Simulating Faults

One of the main reasons it’s beneficial to use web service fakes when testing is to inject faulty behaviour that might be difficult to get the real service to produce on demand. In addition to being able to send back any HTTP response code indicating an error, WireMock is able to generate a few other types of problem.

Per-stub fixed delays #

A stub response can have a fixed delay attached to it, such that the response will not be returned until after the specified number of milliseconds:

stubFor(get(urlEqualTo("/delayed")).willReturn(
        aResponse()
                .withStatus(200)
                .withFixedDelay(2000)));

Or

{
    "request": {
        "method": "GET",
        "url": "/delayed"
    },
    "response": {
        "status": 200,
        "fixedDelayMilliseconds": 2000
    }
}

Global fixed stub delays #

A fixed delay can be added to all stubs either by calling WireMock.setGlobalFixedDelay() or posting a JSON document of the following form to http://<host>:<port>/__admin/settings:

{
    "fixedDelay": 500
}

Per-stub random delays #

In addition to fixed delays, a delay can be sampled from a random distribution.

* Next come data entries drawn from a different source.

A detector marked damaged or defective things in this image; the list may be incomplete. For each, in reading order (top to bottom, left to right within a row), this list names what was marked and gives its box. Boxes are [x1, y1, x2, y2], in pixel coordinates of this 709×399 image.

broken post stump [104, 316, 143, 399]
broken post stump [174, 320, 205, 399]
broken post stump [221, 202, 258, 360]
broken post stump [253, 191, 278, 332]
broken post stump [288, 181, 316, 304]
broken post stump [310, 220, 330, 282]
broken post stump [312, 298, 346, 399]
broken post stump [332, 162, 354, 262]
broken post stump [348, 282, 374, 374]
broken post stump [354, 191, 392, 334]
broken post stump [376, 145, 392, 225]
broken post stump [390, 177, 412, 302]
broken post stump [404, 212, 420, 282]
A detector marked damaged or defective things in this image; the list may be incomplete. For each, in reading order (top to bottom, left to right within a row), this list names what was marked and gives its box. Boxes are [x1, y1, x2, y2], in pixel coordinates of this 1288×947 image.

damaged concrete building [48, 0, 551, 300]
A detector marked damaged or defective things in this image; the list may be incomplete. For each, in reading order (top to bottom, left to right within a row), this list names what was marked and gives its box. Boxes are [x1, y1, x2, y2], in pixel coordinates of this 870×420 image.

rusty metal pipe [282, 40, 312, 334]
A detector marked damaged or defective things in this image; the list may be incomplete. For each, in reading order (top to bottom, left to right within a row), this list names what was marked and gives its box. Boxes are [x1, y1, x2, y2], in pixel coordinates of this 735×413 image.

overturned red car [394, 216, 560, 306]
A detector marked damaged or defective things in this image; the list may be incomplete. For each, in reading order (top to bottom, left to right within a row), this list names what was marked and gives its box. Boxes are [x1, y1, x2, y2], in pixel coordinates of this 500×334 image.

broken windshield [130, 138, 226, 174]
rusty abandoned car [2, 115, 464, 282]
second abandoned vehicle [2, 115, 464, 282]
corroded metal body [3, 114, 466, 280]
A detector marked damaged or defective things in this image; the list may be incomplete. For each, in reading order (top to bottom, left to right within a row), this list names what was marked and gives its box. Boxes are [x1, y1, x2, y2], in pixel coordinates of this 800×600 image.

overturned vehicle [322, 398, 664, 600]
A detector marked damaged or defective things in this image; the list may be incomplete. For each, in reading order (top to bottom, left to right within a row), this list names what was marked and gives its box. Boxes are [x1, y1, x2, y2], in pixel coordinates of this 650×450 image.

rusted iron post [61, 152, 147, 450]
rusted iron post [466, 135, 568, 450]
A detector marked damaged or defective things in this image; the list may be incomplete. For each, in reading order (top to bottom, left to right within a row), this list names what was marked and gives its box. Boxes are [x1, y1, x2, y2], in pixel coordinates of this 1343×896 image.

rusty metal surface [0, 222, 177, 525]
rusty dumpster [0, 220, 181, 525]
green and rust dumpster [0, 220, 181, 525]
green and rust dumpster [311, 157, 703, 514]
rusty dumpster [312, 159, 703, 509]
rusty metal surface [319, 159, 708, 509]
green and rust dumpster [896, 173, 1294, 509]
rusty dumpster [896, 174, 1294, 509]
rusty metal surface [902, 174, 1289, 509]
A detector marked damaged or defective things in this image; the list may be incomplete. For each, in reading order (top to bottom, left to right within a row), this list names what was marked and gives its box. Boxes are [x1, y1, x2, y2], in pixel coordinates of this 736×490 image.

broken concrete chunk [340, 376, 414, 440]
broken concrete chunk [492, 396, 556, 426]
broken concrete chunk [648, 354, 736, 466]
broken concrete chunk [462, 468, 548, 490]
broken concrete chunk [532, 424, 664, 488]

This allows simulation of more specific downstream latencies, such as a long tail.

Use #withRandomDelay on the stub to pass in the desired distribution:

stubFor(get(urlEqualTo("/random/delayed")).willReturn(
        aResponse()
                .withStatus(200)
                .withLogNormalRandomDelay(90, 0.1)));

Or set it on the delayDistribution field via the JSON api:

{
    "request": {
        "method": "GET",
        "url": "/random/delayed"
    },
    "response": {
        "status": 200,
        "delayDistribution": {
            "type": "lognormal",
            "median": 80,
            "sigma": 0.4
        }
    }
}

Global random stub delays #

You can set a random delay globally with WireMock.setGlobalRandomDelay() or the JSON api at http://<host>:<port>/__admin/settings:

{
    "delayDistribution": {
        "type": "lognormal",
        "median": 90,
        "sigma": 0.1
    }
}

Available distributions #

Lognormal delay #

A lognormal distribution is a pretty good approximation of long tailed latencies centered on the 50th percentile. It takes two parameters:

  • median - The 50th percentile of latencies.
  • sigma - Standard deviation. The larger the value, the longer the tail.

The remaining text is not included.